Für mich ist es wichtig, auf dem Weg Jesu zu bleiben, und das ist mir deutlich geworden, Gewaltfreiheit gehört einfach unverzichtbar dazu.

Als Militärpfarrer gehörte der Bundeswehrstandort Büchel mit seinem Tornado-Geschwader zum Einsatzgebiet von Engelke, da, wo nach wie vor Atomsprengköpfe lagern, auch wenn das offiziell nie bestätigt worden ist. Seitdem hat ihn Büchel nicht mehr losgelassen.

 Ich hab damals das Gutachten des Internationalen Gerichtshofes, dass die Androhung und Anwendung von Atomwaffen völkerrechtswidrig ist, sehr intensiv studiert und das mit Soldaten vor Ort thematisiert und dann Freunde gefunden, mit denen wir vor Ort daran gearbeitet haben, die Bevölkerung dafür zu gewinnen, sich nicht damit zufrieden zu geben, dass die Atomwaffen unser gesamtes Leben gefährden, und für die Langstreckenwaffen anderer Staaten Büchel lägst einprogrammiert ist, wenn es zu einer Krise kommt, dann gehen die Raketen nach Büchel, das ist ganz klar.
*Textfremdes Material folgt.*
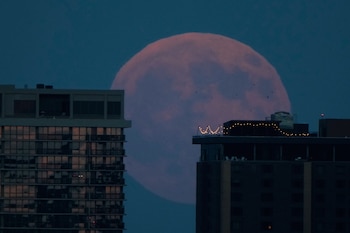 La luna llena sale tras los edificios de apartamentos del centro de Kansas City, Misuri, antes de un eclipse lunar el jueves 27 de agosto de 2026 (AP/Charlie Riedel)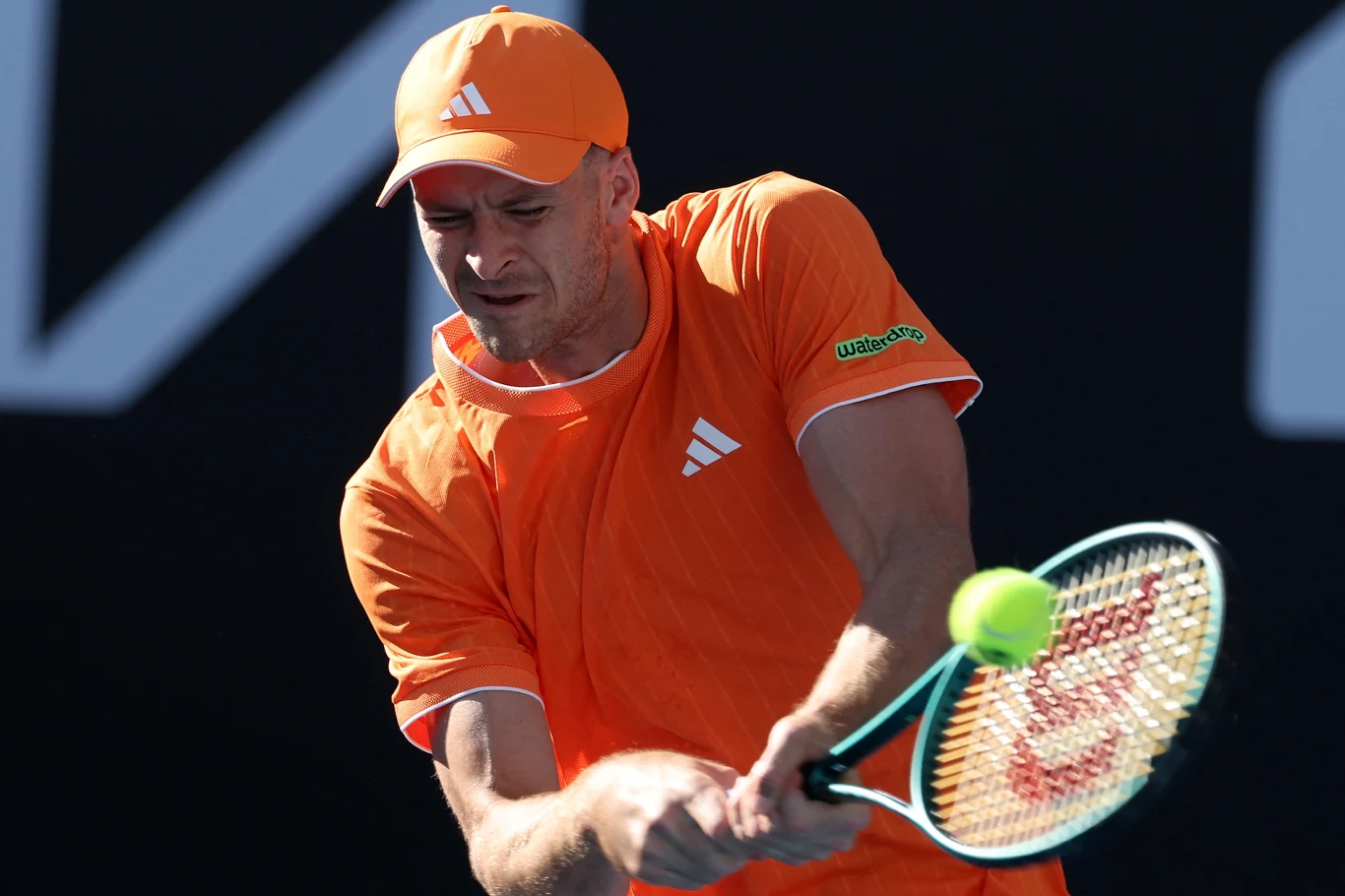 Zawodnik tenisowy w pomarańczowym stroju wykonuje uderzenie backhandowe, skupiony na piłce podczas meczu na świeżym powietrzu.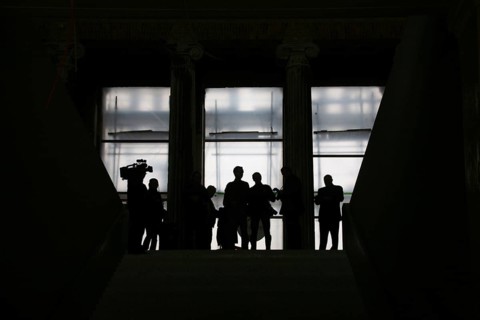 Media representatives wait at the end of the entrance steps at the start of the press tour in front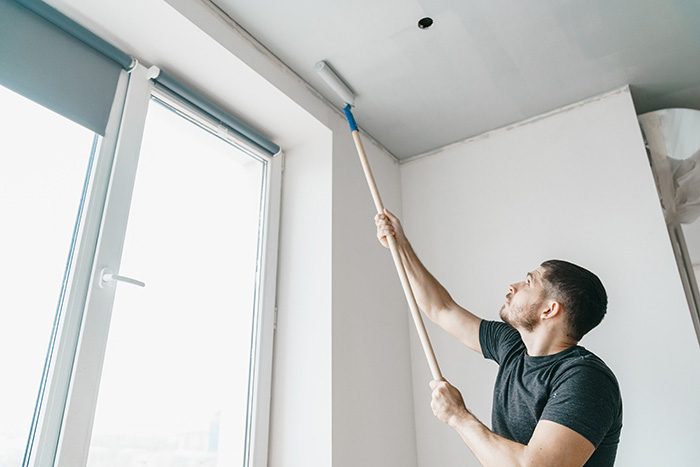 Man painting ceiling.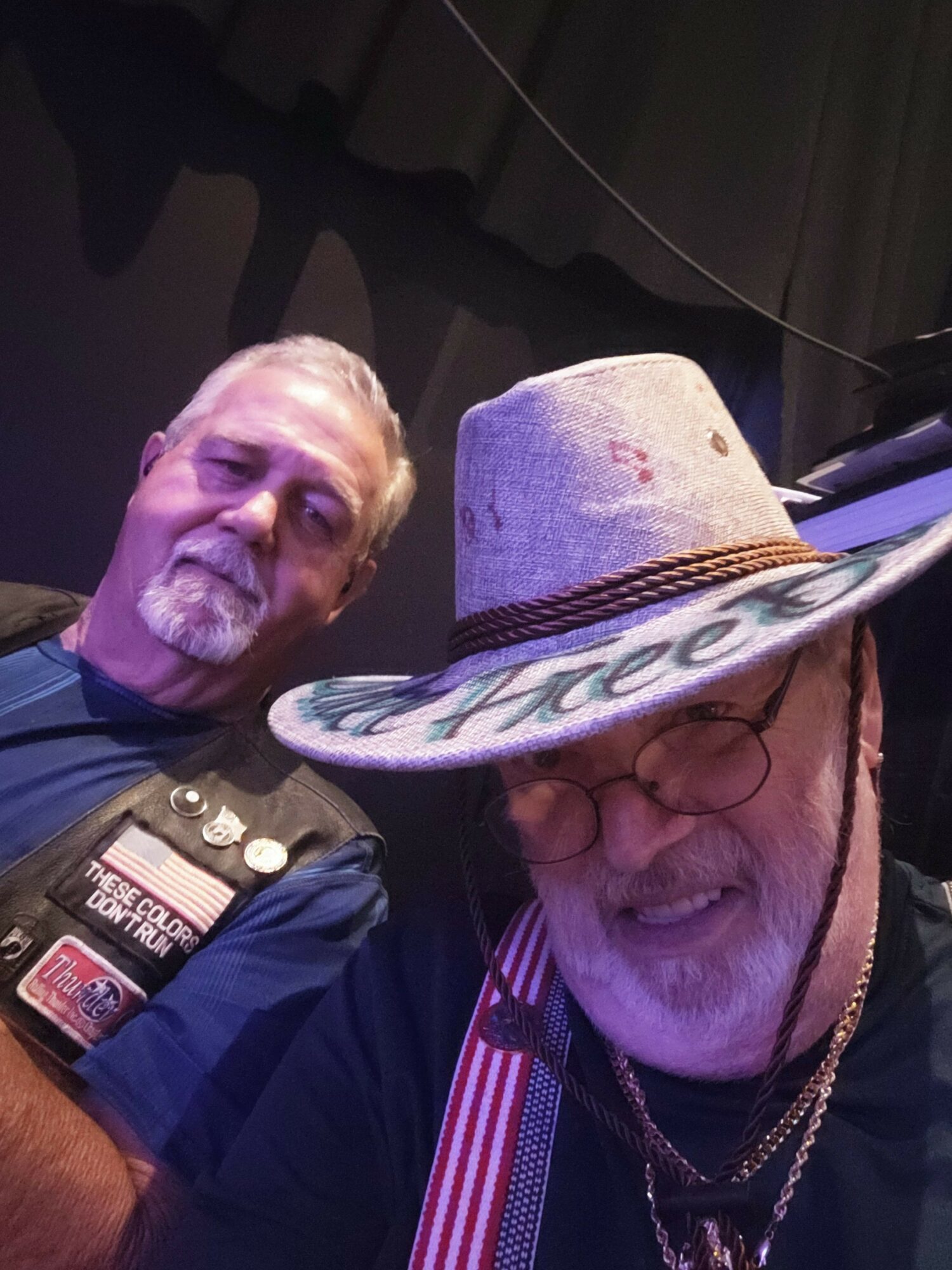 Two people, one with glasses and a hat, smiling and sitting together in a dark environment.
Einmal im Jahr bricht Engelke zusammen mit einigen Mitstreitern nach Büchel auf, zu einem öffentlichen Fasten, wie er es nennt, immer Anfang August in Erinnerung an die Atombombenabwürfe von Hiroshima und Nagasaki. Das war auch in diesem Jahr, 70 Jahre danach, nicht anders.

Und wie reagieren die Soldaten vor Ort?

Sehr unterschiedlich. Es hat anfangs sehr erboste Reaktionen gegeben, immer aber auch interessierte Reaktionen von einzelnen Soldaten. Einer kam zu uns, der meinte, wenn Sie wüssten, wieviel Unterstützung Sie hinterm Zaun haben, das glauben Sie ja gar nicht, dann meinte ich, ja warum äußern die sich nicht, damit unsere Bundesregierung erkennt, sie kann nicht einfach dahingehen und das als selbstverständlich annehmen, dass deutsche Soldaten im Einsatzfalle diese Bomben abwerfen würden, das geht nicht.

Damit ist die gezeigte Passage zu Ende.